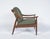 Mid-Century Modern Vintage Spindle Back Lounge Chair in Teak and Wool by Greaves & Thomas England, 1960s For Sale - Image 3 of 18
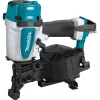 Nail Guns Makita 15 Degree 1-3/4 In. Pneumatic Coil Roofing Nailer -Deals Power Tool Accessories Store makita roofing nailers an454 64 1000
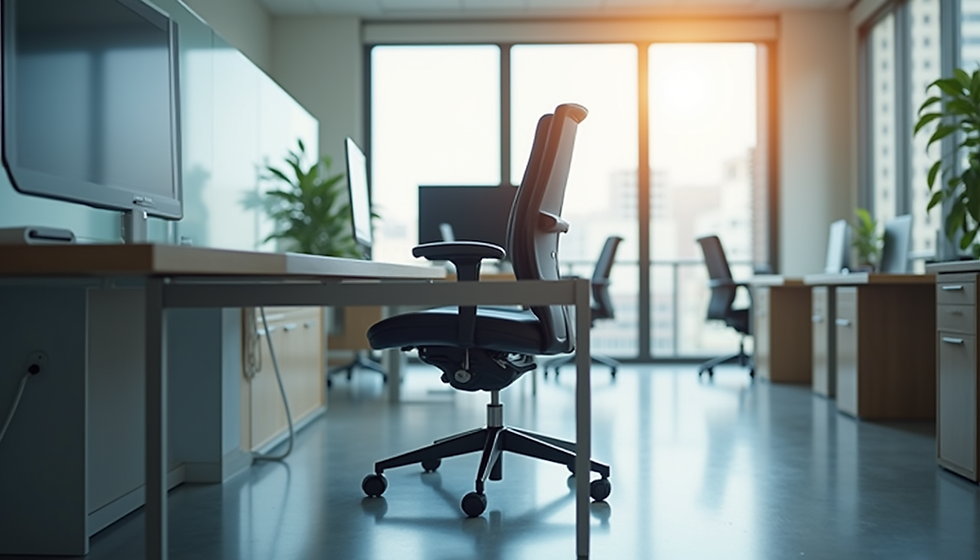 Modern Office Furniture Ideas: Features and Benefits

:::::

__Description of the task__. Output all data exactly, omitting images.

__Task response__.
 Mid-Century Modern Vintage Spindle Back Lounge Chair in Teak and Wool by Greaves & Thomas England, 1960s For Sale - Image 3 of 18
 Nail Guns Makita 15 Degree 1-3/4 In. Pneumatic Coil Roofing Nailer -Deals Power Tool Accessories Store makita roofing nailers an454 64 1000
 Modern Office Furniture Ideas: Features and Benefits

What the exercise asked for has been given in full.